|
Harga Gabah Kering di Kabupaten Malang Melebihi Harga Pembelian Pemerintah
Senin, 10 Maret 2008 | 17:23 WIB
TEMPO Interaktif, Jakarta:Harga gabah kering panen (GKP) di tingkat petani di Kabupaten Malang, Jawa Timur, dalam Februari-Maret tahun ini melebihi harga pembelian pemerintah.
Dari hasil pemantauan Tempo di kecamatan Pakisaji, Kepanjen, dan Sumberpucung, diketahui harga GKP di sawah Rp 2.200 per kilogram dan harga di tingkat penggilingan Rp 2.300 per kilogram.

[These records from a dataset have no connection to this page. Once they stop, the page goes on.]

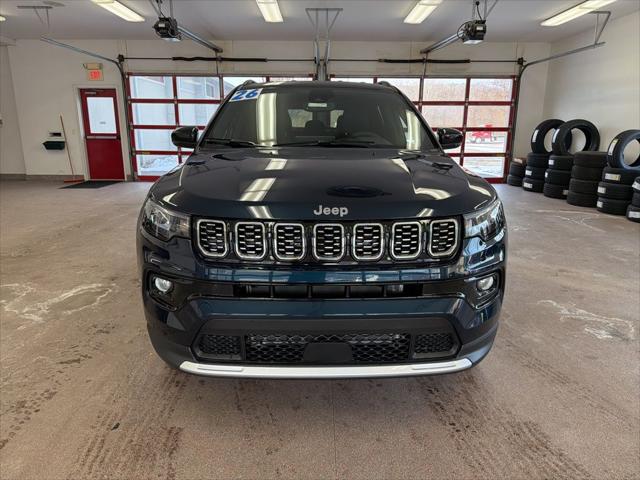 2026 Jeep Compass COMPASS LIMITED 4X4 2026 Jeep Compass COMPASS LIMITED 4X4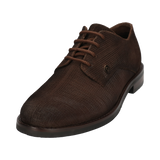 Lace-up dark brown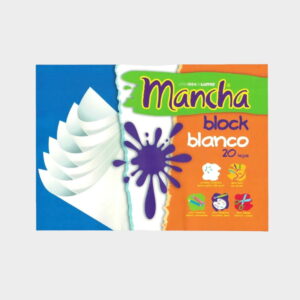 Block de dibujo LUMA MANCHA A4 blanco x 20 hojas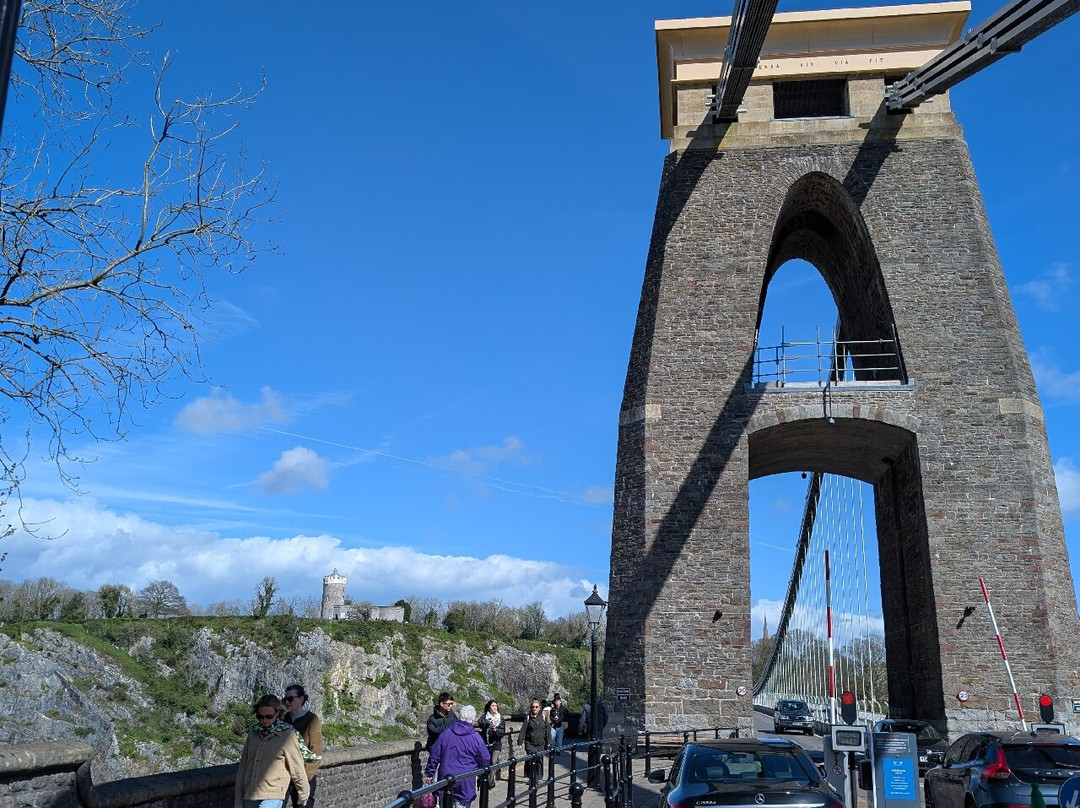 Clifton Suspension Bridge Museum-布里斯托尔必去景点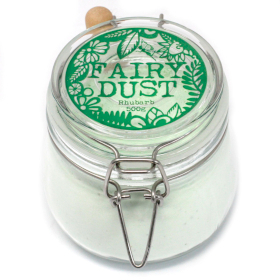 3x A&C Fairy Dust 500g - Rhubarbe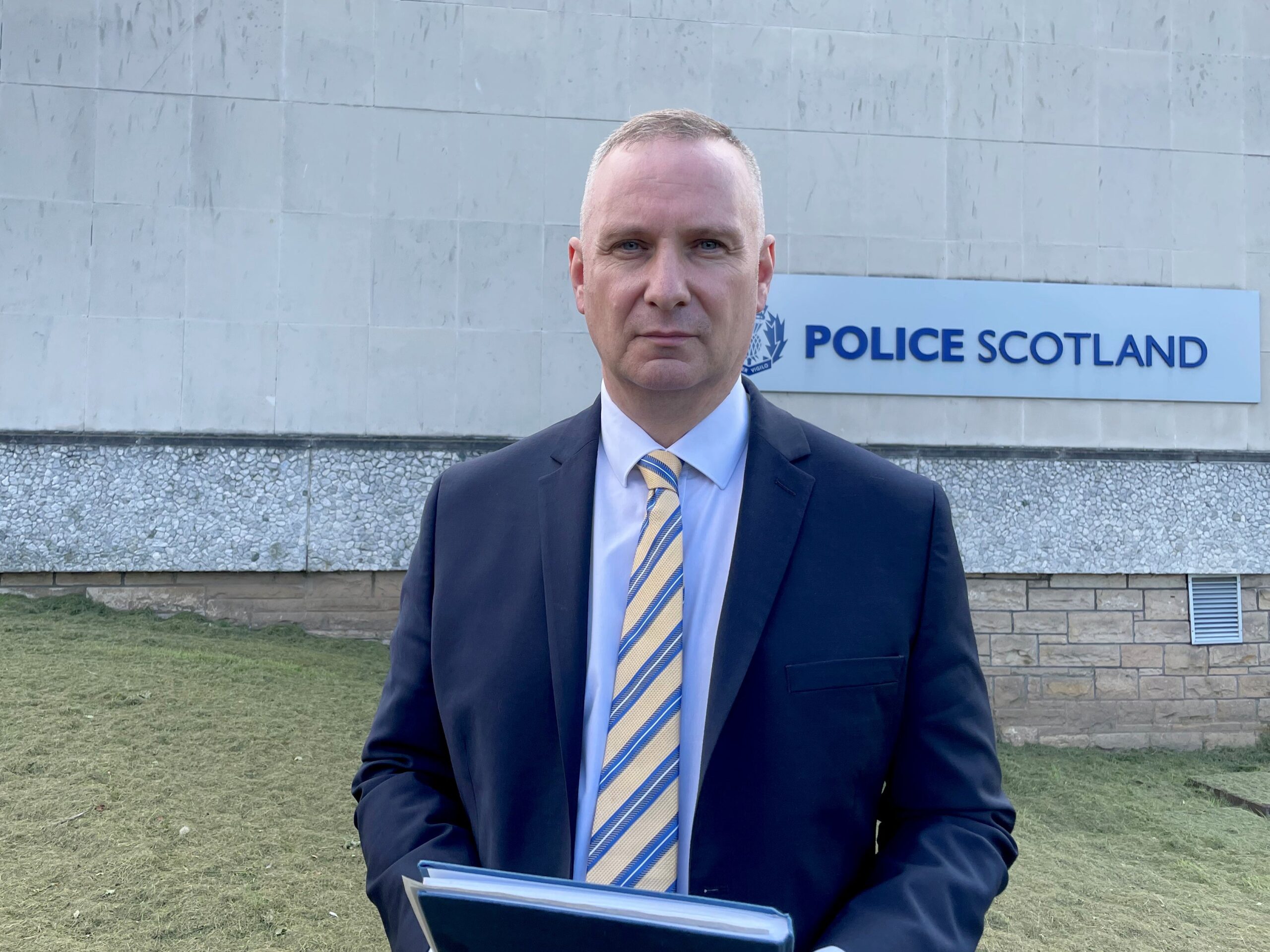 Detective Superintendent Robert Bowie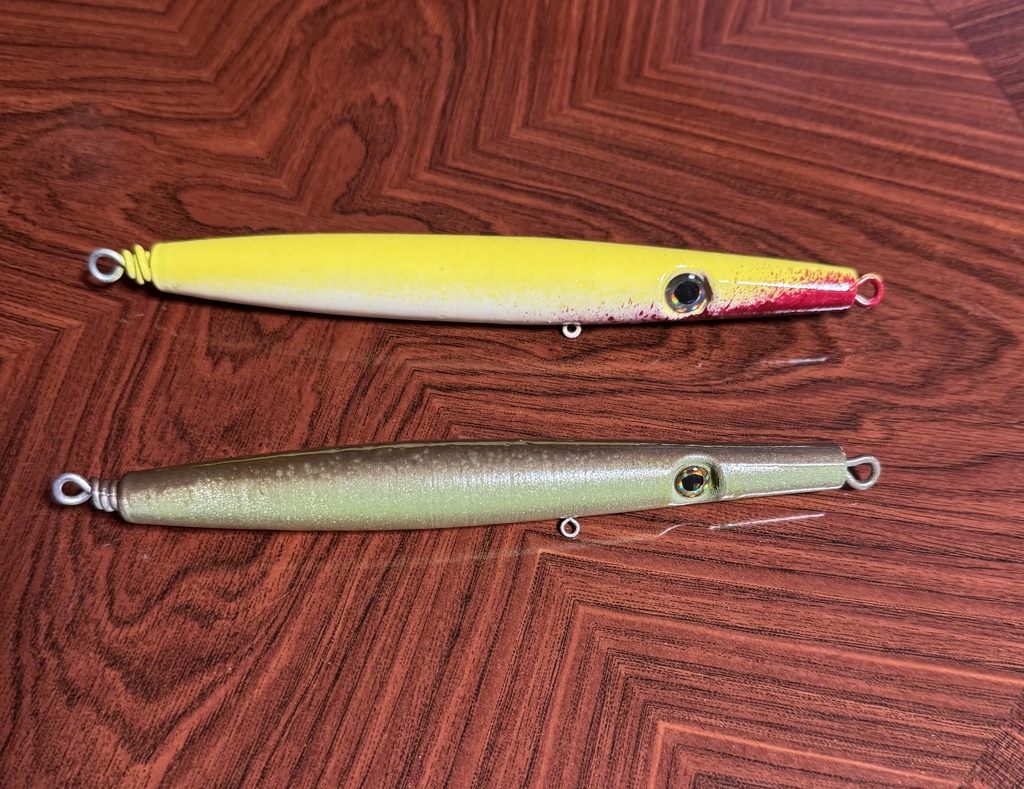 Модель приманки Needlefish для соленой воды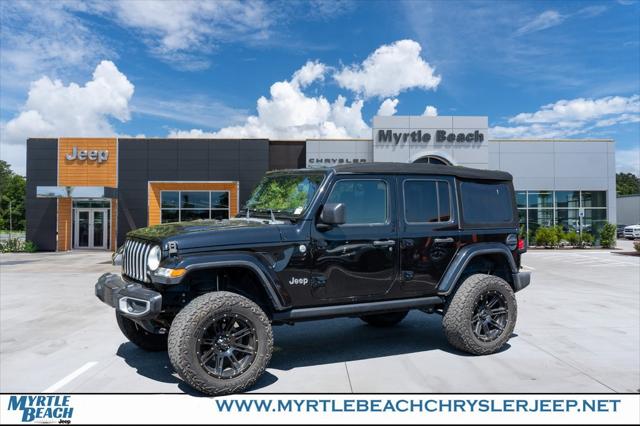 2019 Jeep Wrangler Unlimited Sahara 4x4 2019 Jeep Wrangler Unlimited Sahara 4x4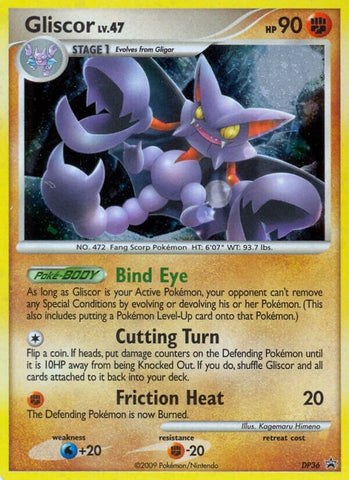 Image for Gliscor (DP36) [Diamond and Pearl Promos]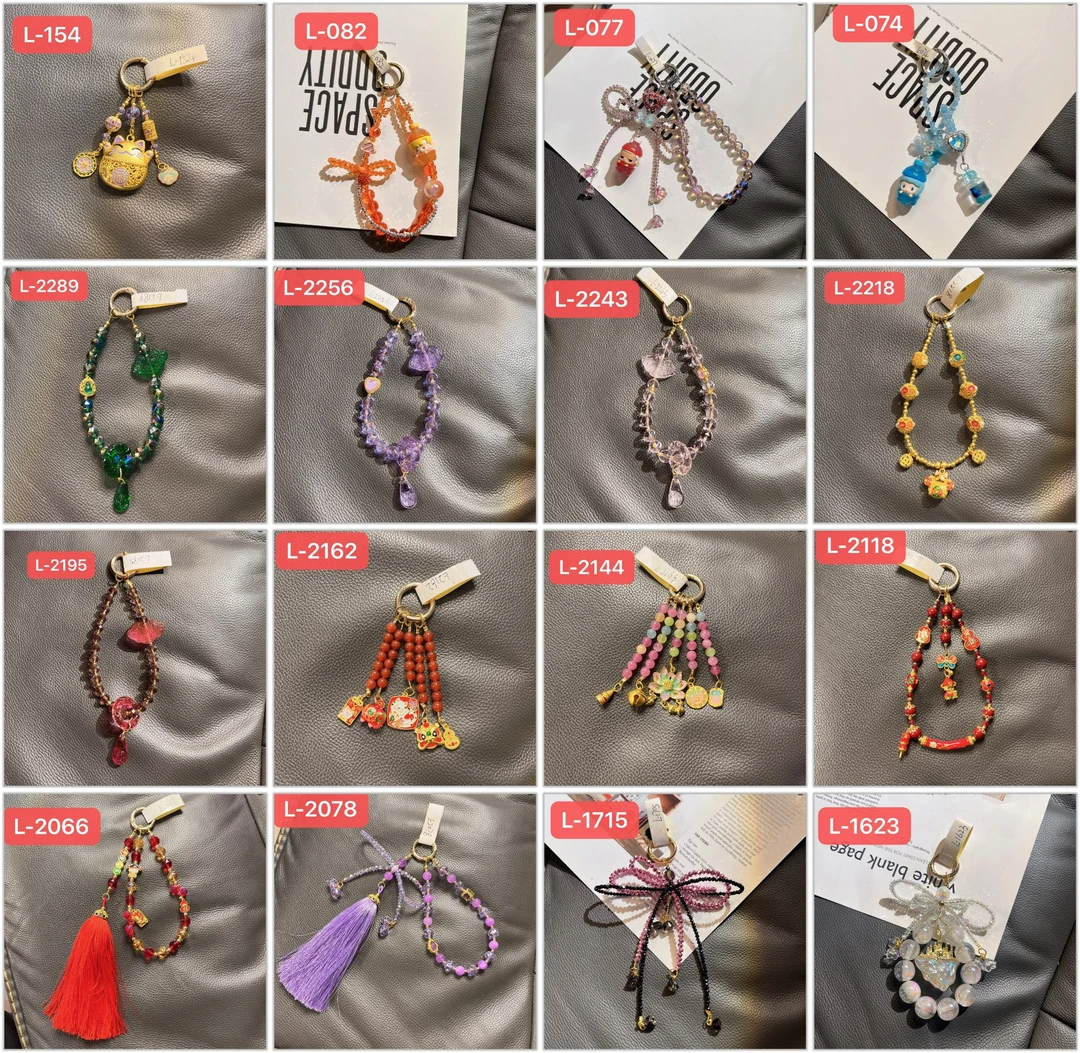 2025【新款手机链】短款原创防丢挂饰防丢通用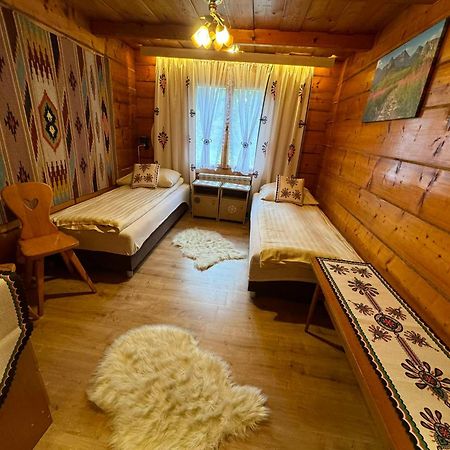 Domek Slebodny Uplaz Zakopane Exterior foto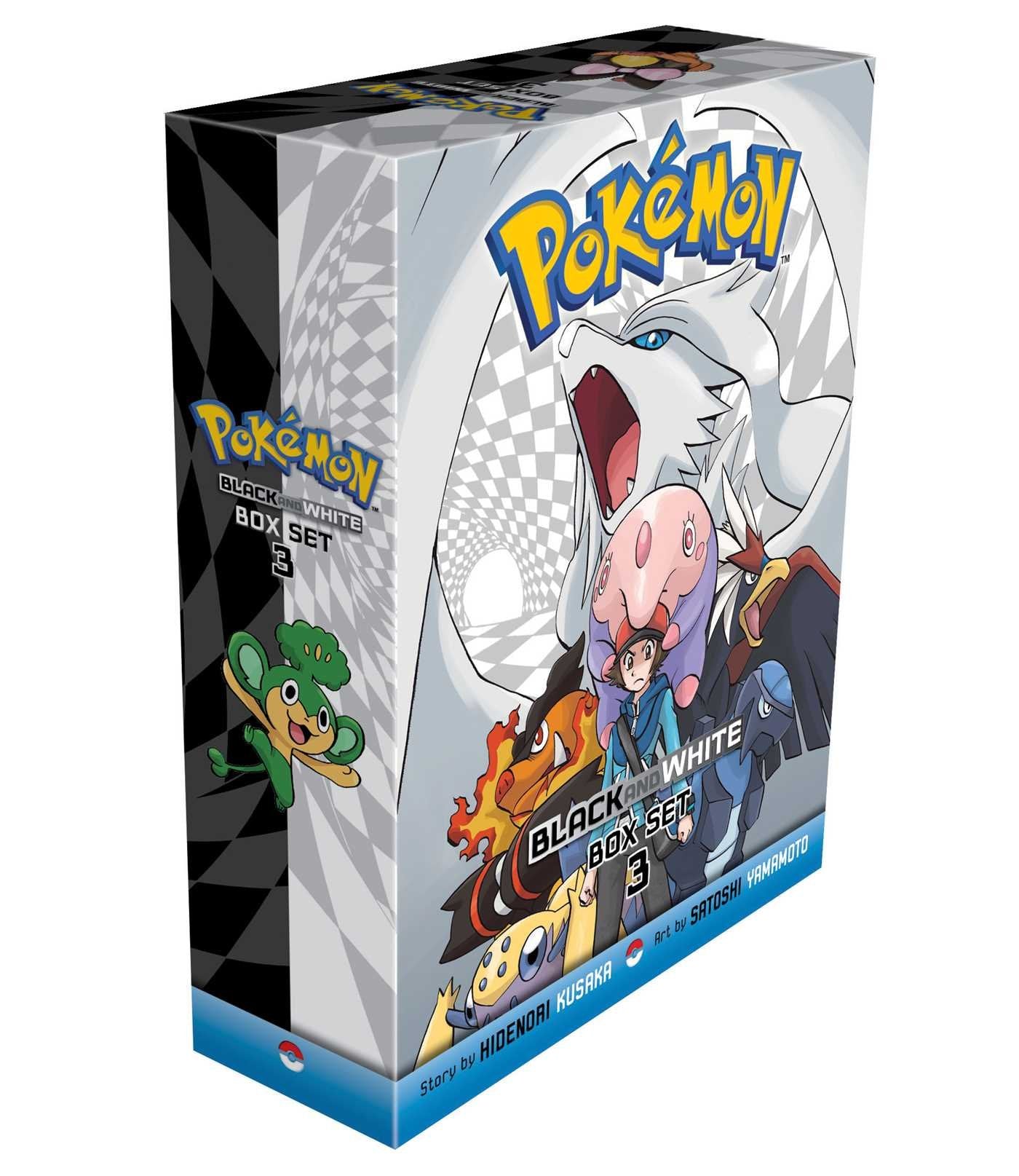 Pokemon Black and White Box Set Vol 3: Includes Volumes 15-20 (POKEMON BLACK & WHITE GN BOX SET, Band 3) Manga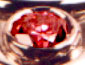 closeup of pink diamond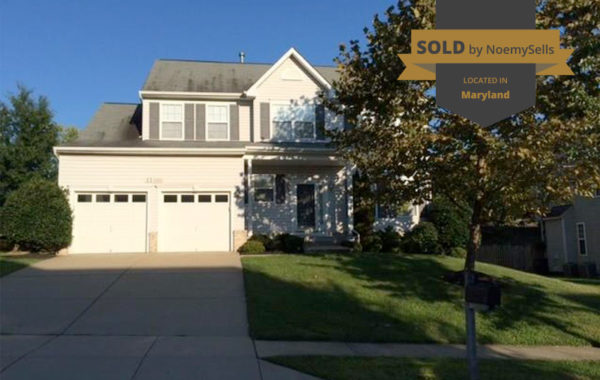 SOLD in Fort Washington, MD 20744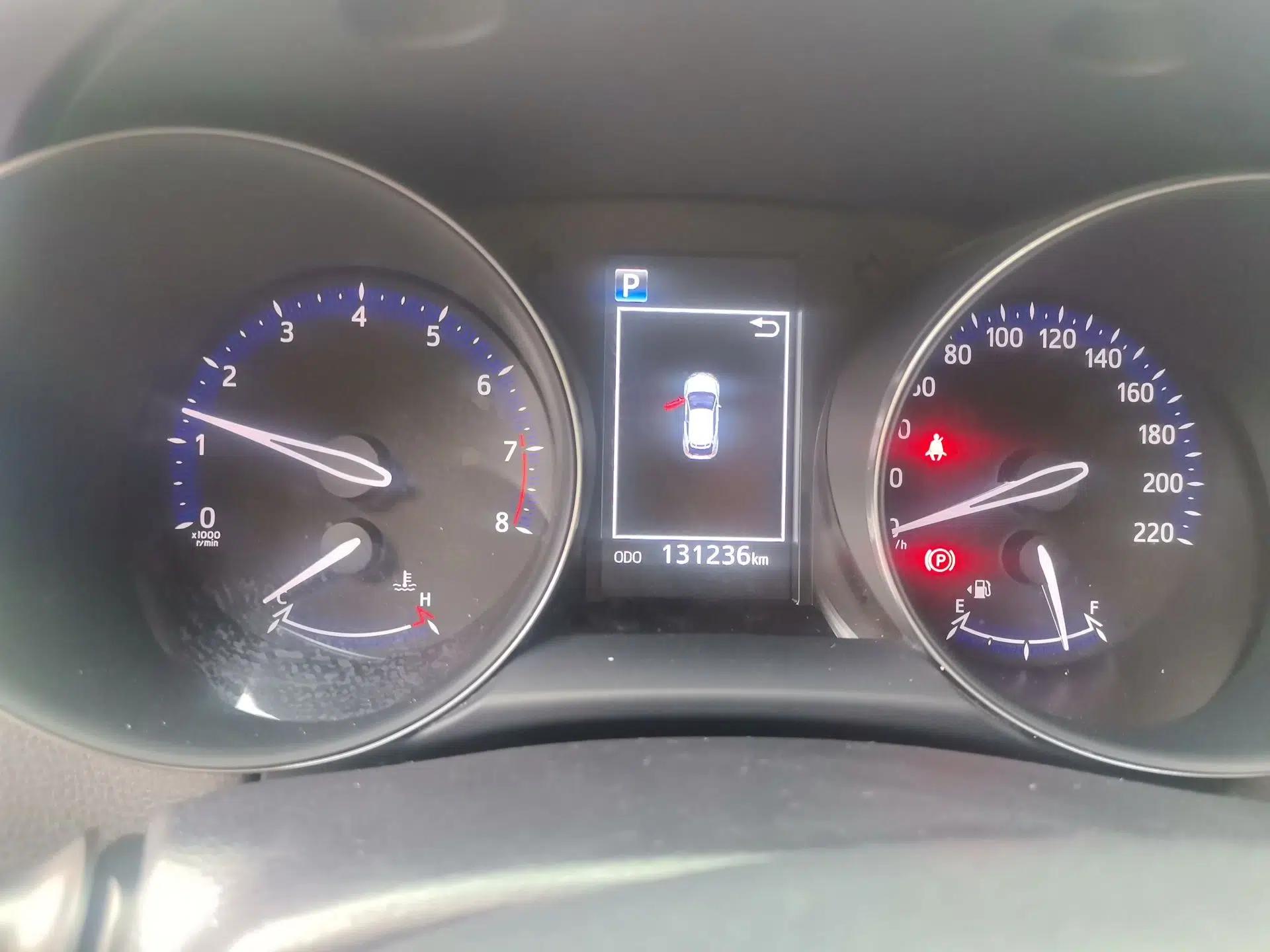Toyota IZOA 2020 2.0L Enjoy Edition — миниатюра 12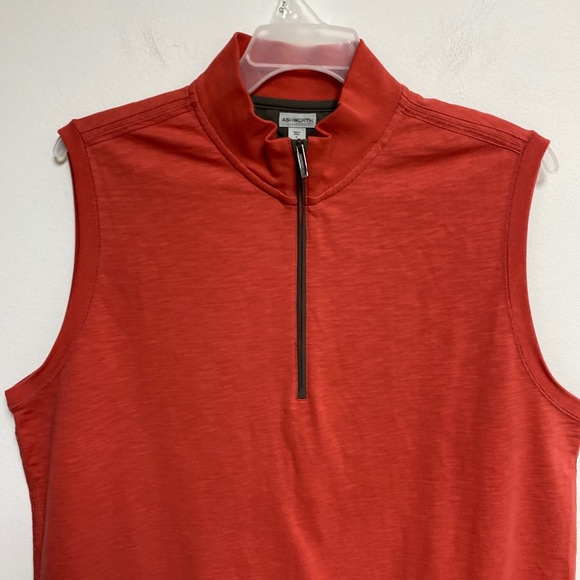 Ashworth Men’s Sleeveless Golf shirt size L - Picture 2 of 7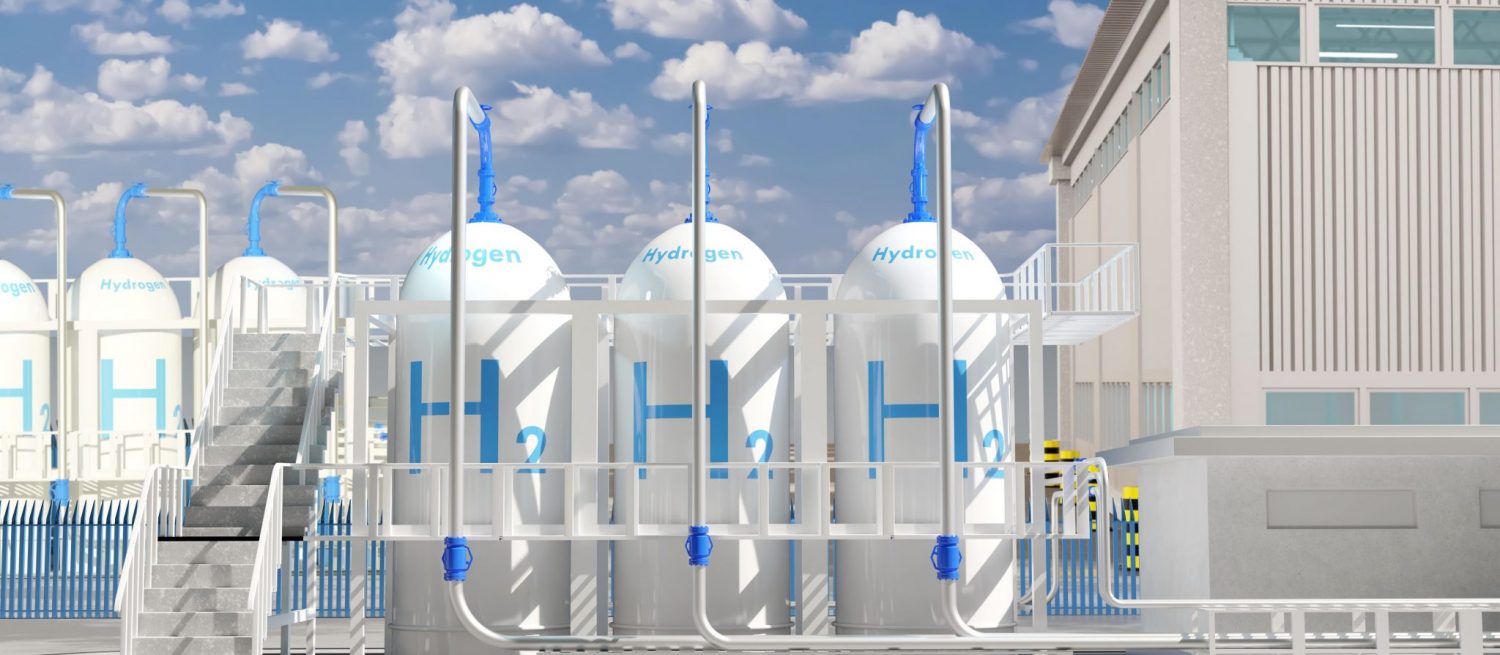 Image for Power Plants Seek Hydrogen For Clean, Renewable Energy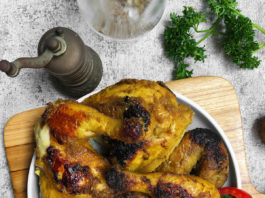 Ayam Bakar Solo: Solonese Grilled Chicken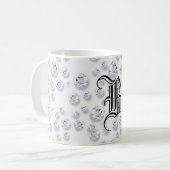Diamanten Kaffeetasse (Vorderseite Links)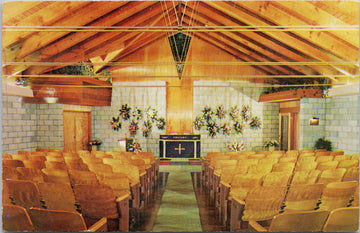 Victoria BC McCall Funeral Chapel Funeral Home Unused Vintage Postcard SP10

Sejumlah petani menyebutkan, pada Februari harga GKP sempat mencapai harga tertinggi Rp 2.700 sampai Rp 2.800 tiap kilogramnya. Namun, dua pekan berikutnya turun menjadi Rp 2.500. Sampai memasuki pekan kedua Maret harganya turun lagi, Rp 2.200 hingga Rp 2.300.
"Tapi, harga itu masih menguntungkan kami karena di atas HPP, Mas," kata Syamsul Hadi, pemilik penggilingan padi di Desa Ngebruk, Kecamatan Sumberpucung, Senin (10/3).
Kata dia, naik-turunnya memang dipengaruhi hasil panen. Saat ini Kabupaten Malang memasuki musim panen raya. Namun, masuknya beras dari Lamongan, Kediri, Bojonegoro, Lumajang, dan Blitar menjadi penyebab utama harga gabah turun. "Kalau gabah hasil panen Malang saja, sih,penurunannya belum seberapa," katanya.
Secara terpisah, Purwanto mengaku pihaknya belum mengambil tindakan yang diperlukan untuk mengendalikan turunnya harga gabah karena harganya masih di atas HPP.
Lagi pula, kata Kepala Dinas Pertanian itu, "Belum ada keluhan yang kami terima. Mungkin karena harganya masih di atas HPP, makanya belum ada petani perorangan atau kelompok petani yang mengeluh dan protes pada kami," kata Purwanto di ruang kerjanya.
Seperti diketahui, berdasarkan Instruksi Presiden Nomor 3 Tahun 2007 tentang Kebijakan Perberasan, harga GKP Rp 2.000 per kilogram di petani atau Rp 2.035 per kilogram di penggilingan, dengan kualitas kadar air maksimum 25 persen dan kadar hampa/kotoran maksimum sepuluh persen.